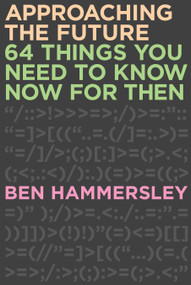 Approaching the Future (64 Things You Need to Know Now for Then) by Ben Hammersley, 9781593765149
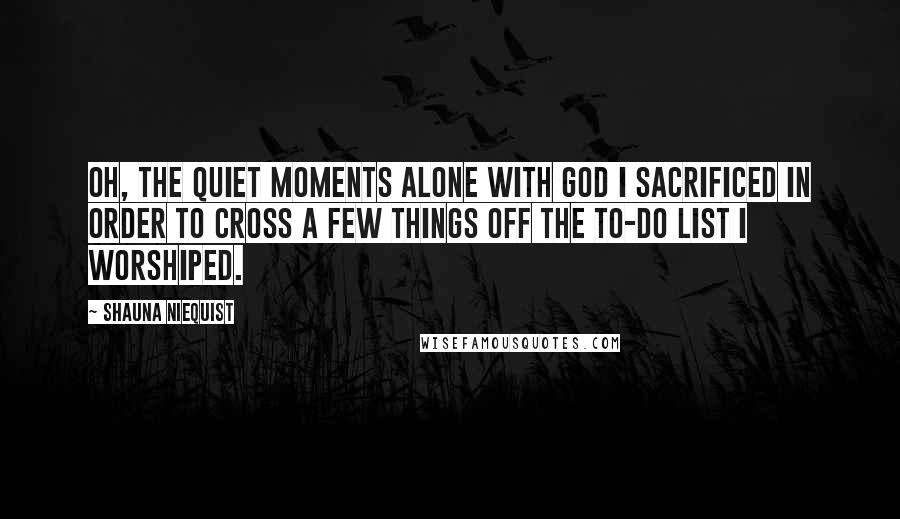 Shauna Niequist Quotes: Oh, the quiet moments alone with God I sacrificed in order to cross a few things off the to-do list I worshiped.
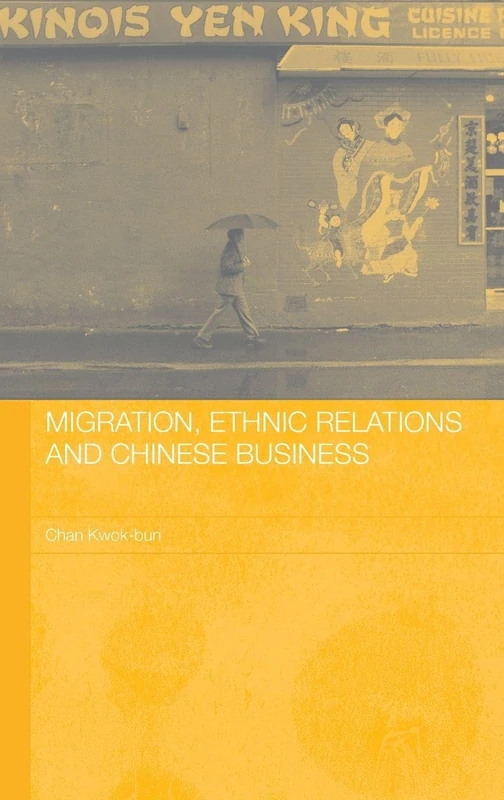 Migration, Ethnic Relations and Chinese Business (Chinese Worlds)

--

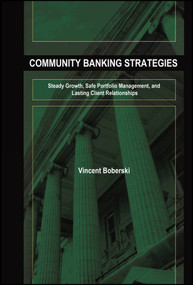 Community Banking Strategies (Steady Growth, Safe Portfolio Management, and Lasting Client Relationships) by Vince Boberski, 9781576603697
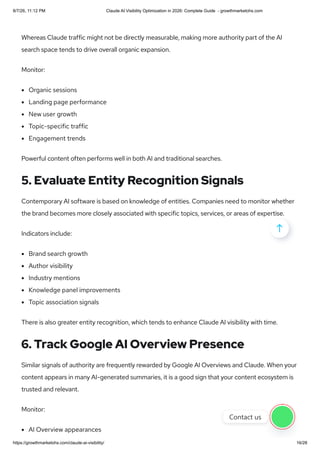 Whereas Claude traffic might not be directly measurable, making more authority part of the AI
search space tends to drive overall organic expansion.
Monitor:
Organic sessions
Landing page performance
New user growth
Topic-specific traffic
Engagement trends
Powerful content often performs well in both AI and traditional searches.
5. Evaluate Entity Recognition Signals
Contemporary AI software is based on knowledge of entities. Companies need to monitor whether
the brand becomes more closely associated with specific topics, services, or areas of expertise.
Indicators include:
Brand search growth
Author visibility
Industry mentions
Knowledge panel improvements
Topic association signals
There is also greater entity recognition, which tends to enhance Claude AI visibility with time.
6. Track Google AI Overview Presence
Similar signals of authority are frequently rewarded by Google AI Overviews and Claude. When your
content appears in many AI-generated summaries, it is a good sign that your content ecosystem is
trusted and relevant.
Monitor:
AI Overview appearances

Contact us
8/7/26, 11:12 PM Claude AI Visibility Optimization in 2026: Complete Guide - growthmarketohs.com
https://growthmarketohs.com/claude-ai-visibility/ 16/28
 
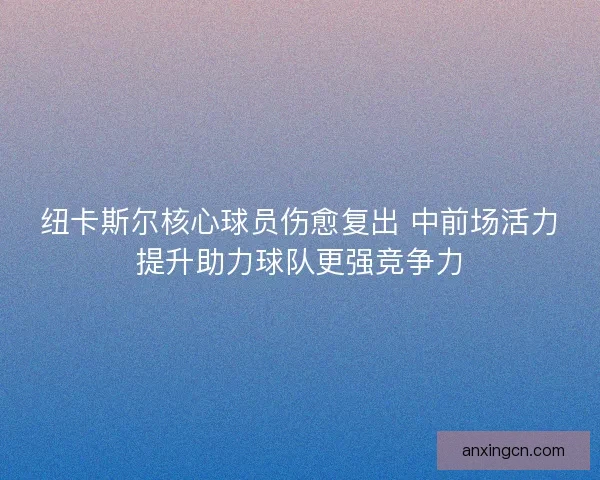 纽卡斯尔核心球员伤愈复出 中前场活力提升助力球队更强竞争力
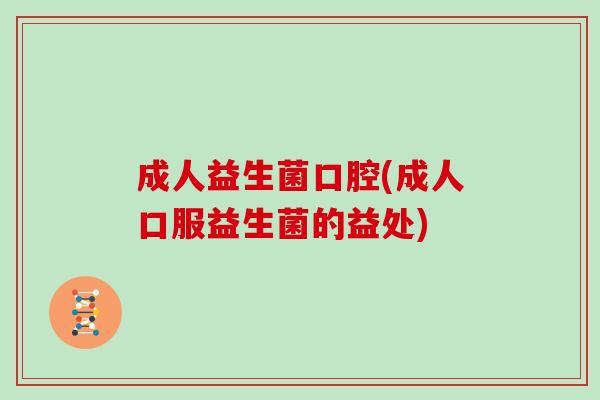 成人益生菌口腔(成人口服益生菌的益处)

--

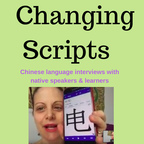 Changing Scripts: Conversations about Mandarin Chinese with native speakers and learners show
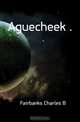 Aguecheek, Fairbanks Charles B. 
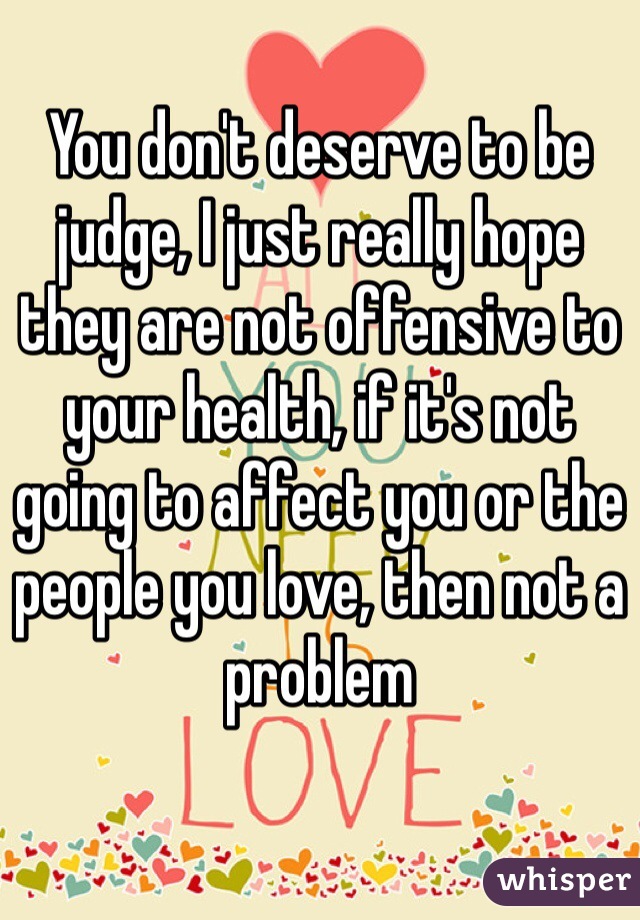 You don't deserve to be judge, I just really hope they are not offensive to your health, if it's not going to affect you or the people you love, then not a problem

■ Task instructions:
Would you print exactly the lines in the listing above, from the line bearing "Similar signals of" through the line bearing "成人益生菌口腔(成人口服益生菌的益处)", leaving out all pictures?

■ Output:
Similar signals of authority are frequently rewarded by Google AI Overviews and Claude. When your
content appears in many AI-generated summaries, it is a good sign that your content ecosystem is
trusted and relevant.
Monitor:
AI Overview appearances

Contact us
8/7/26, 11:12 PM Claude AI Visibility Optimization in 2026: Complete Guide - growthmarketohs.com
https://growthmarketohs.com/claude-ai-visibility/ 16/28
 
 纽卡斯尔核心球员伤愈复出 中前场活力提升助力球队更强竞争力
 成人益生菌口腔(成人口服益生菌的益处)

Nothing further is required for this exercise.